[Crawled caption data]
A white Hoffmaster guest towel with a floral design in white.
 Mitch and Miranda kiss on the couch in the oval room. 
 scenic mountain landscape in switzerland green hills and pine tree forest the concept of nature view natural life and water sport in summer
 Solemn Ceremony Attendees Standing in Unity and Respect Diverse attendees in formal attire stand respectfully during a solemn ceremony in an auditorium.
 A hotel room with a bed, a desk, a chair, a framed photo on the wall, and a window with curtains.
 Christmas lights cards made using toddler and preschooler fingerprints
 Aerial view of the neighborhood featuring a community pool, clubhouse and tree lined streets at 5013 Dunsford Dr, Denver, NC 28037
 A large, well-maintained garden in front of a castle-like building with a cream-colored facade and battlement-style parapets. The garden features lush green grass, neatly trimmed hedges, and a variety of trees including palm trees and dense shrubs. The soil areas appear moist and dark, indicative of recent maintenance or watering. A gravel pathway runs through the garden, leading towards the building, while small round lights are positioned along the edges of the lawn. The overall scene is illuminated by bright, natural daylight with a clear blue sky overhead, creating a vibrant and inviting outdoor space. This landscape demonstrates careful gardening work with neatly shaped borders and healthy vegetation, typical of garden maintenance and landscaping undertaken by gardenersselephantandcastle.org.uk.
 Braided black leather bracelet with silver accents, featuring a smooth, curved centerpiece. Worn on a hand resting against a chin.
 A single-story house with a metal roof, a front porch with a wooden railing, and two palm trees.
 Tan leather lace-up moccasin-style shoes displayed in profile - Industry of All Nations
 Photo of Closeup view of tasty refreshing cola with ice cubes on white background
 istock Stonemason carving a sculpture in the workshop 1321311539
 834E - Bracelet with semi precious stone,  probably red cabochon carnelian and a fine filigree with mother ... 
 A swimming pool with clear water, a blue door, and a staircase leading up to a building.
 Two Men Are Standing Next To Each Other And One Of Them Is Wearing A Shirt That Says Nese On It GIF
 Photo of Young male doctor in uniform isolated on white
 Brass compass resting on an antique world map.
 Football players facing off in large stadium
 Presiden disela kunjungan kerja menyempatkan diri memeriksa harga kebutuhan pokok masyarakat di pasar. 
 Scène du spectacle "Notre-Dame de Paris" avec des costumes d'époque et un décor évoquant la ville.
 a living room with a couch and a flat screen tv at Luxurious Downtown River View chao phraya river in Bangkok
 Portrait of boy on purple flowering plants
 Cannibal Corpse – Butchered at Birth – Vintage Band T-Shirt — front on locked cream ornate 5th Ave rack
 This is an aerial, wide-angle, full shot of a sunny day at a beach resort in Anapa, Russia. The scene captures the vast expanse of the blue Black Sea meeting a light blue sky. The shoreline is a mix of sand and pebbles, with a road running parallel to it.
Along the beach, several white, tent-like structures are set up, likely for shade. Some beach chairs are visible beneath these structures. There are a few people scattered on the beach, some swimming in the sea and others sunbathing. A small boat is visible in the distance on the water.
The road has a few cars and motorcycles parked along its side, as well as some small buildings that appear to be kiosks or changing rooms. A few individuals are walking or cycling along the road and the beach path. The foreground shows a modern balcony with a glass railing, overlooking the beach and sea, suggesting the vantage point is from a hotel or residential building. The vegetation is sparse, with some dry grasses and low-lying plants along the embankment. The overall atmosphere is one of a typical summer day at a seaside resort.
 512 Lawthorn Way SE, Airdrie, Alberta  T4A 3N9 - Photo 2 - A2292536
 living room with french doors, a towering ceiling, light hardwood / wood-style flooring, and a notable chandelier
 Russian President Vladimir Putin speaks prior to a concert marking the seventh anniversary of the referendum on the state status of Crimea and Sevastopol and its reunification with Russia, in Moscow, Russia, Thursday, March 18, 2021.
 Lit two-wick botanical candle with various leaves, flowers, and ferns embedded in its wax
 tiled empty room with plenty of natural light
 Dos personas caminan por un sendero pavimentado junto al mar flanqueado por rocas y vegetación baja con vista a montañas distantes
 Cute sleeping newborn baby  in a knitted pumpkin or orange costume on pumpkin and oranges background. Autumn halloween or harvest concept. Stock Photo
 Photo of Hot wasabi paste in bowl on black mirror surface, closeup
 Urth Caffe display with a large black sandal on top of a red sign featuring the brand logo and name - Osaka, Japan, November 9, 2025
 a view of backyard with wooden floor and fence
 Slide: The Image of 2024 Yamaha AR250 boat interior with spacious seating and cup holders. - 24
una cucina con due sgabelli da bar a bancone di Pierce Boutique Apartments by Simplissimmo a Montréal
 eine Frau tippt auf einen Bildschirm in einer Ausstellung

Activity →
Filter the data, keeping only the lines that contain "Russia".

Task output →
 This is an aerial, wide-angle, full shot of a sunny day at a beach resort in Anapa, Russia. The scene captures the vast expanse of the blue Black Sea meeting a light blue sky. The shoreline is a mix of sand and pebbles, with a road running parallel to it.
 Russian President Vladimir Putin speaks prior to a concert marking the seventh anniversary of the referendum on the state status of Crimea and Sevastopol and its reunification with Russia, in Moscow, Russia, Thursday, March 18, 2021.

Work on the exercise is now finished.